Has anyone any suggestions for a good home printer? A copying facility would be nice, but not essential as I have a SnapScan scanner.
Preferably not HP; I’m rebelling against, as Cory Doctorow puts it, the “enshitification” of their instant ink subscription. That said, it’s a long way from where I live to anywhere that sells ink, so if there’s a brand that does the same thing, but charges you only for pages actually printed I’d consider it.
For color printing, if that’s important to you, I found the Brother to be very nickel-and-dimey regarding consumables costs. Specifically separate drum units, which other manufacturers build into their cartridges. I personally have a Canon MF733CDW and I really like it.
I have a Brother HL-L6200DW laser printer. The only thing it does is print in black and white, which it does reliably and fast.
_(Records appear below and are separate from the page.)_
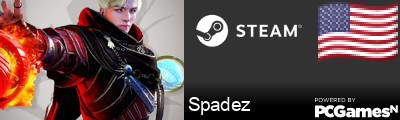 Spadez Steam Signature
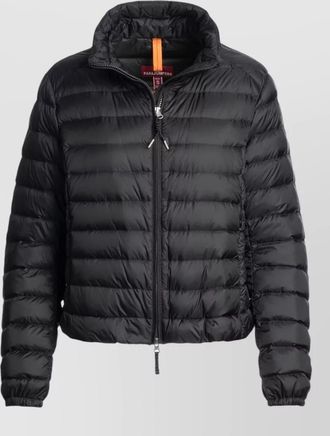 Parajumpers emilia down jacket high collar style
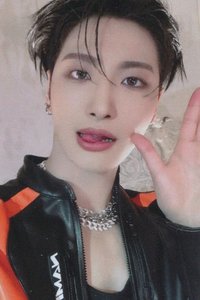 Outlaw MINIRECORD 特典卡 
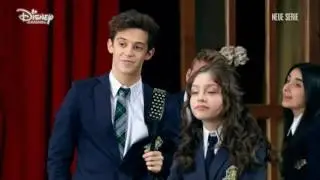 Soy Luna 1  Im Theaterkurs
This particular model has been discontinued, but if I were in the market for a new monochrome printer, I’d look at Brother laser printers first.
PS: I won’t even bother with a model that doesn’t print on both sides of the paper.
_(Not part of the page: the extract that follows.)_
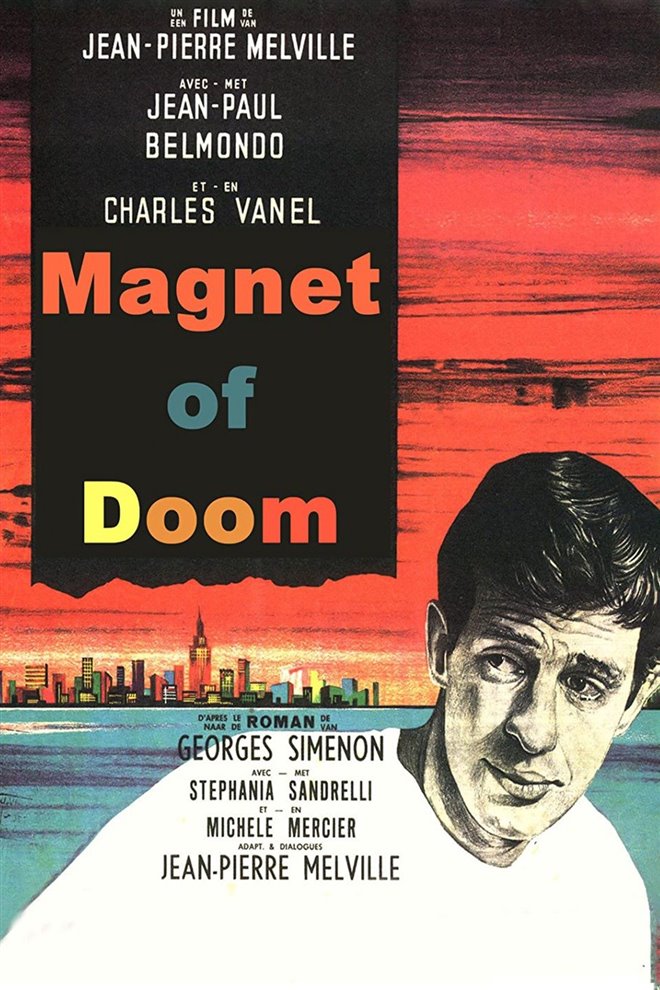 Magnet of Doom Large Poster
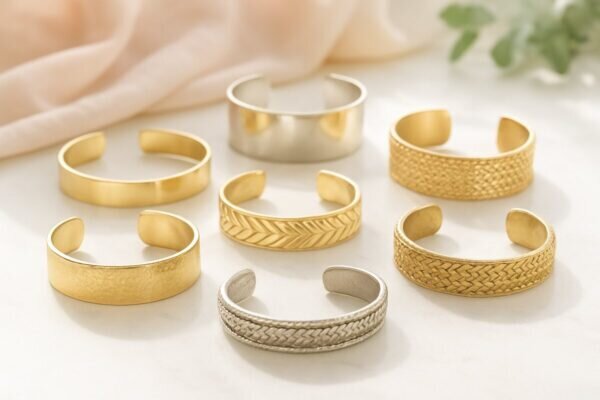 Bracelets manchettes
My old color laser gets little use so haven’t bought toner for it in years, but my understanding is that the drum ages/wears out on a different life-cycle than the the rest of the cartridge so potentially having them individually replaceable is consumer friendly?
Can anyone clarify if this is better or just a money grab? Or maybe brand-specific?
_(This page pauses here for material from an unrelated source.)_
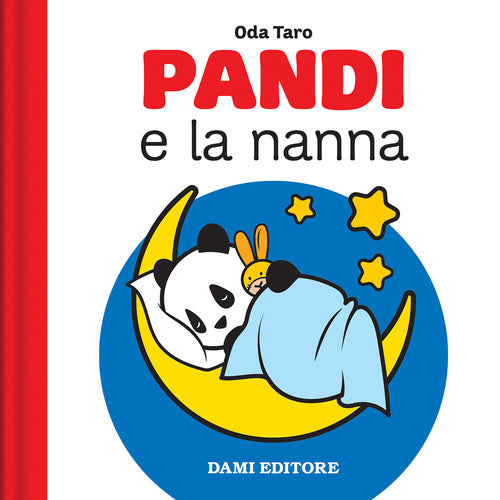Cover of Pandi e la nanna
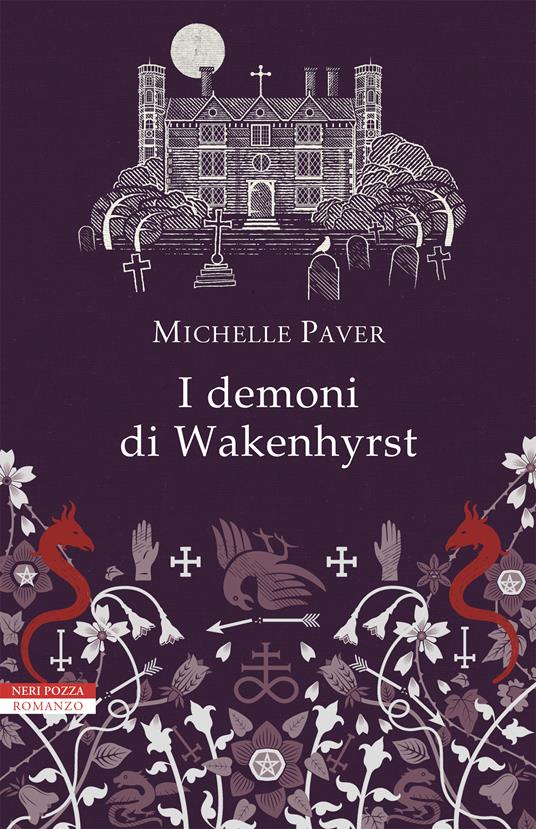 I demoni di Wakenhyrst - Michelle Paver,Francesca Cosi,Alessandra Repossi - ebook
It’s always coming up here (see New inkjet (or other) printer in 2025? for the last go-around) and elsewhere – if you can get by with monochrome laser, get any Brother. We’ve got two (one in 2016 and the second in 2019) and they never fail.
I have a laser printer with a drum unit. I’ve replaced the drum unit once, but have replaced the toner cartridge several times. I haven’t checked recently, but when I bought my printer it was more economical to use separate drum units and toner cartridges if you were going to do a lot of printing.
I own an 8+ year old Brother printer and purchased several over the years for my company.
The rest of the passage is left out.